§ **TASK INSTRUCTIONS**
All entries below are to be set down again, identical to the source.

§ **RECORDS SUPPLIED**
>>>>>

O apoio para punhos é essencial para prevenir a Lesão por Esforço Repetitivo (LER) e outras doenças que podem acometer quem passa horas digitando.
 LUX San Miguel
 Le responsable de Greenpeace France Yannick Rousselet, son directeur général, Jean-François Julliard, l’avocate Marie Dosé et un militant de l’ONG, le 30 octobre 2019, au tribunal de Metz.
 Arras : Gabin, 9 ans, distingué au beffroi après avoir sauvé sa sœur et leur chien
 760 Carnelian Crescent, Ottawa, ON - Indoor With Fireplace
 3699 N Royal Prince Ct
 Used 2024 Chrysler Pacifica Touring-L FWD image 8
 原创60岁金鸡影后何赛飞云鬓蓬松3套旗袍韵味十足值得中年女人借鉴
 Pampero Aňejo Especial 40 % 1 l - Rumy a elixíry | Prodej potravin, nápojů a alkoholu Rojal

<<<<<

§ **RESULT**
O apoio para punhos é essencial para prevenir a Lesão por Esforço Repetitivo (LER) e outras doenças que podem acometer quem passa horas digitando.
 LUX San Miguel
 Le responsable de Greenpeace France Yannick Rousselet, son directeur général, Jean-François Julliard, l’avocate Marie Dosé et un militant de l’ONG, le 30 octobre 2019, au tribunal de Metz.
 Arras : Gabin, 9 ans, distingué au beffroi après avoir sauvé sa sœur et leur chien
 760 Carnelian Crescent, Ottawa, ON - Indoor With Fireplace
 3699 N Royal Prince Ct
 Used 2024 Chrysler Pacifica Touring-L FWD image 8
 原创60岁金鸡影后何赛飞云鬓蓬松3套旗袍韵味十足值得中年女人借鉴
 Pampero Aňejo Especial 40 % 1 l - Rumy a elixíry | Prodej potravin, nápojů a alkoholu Rojal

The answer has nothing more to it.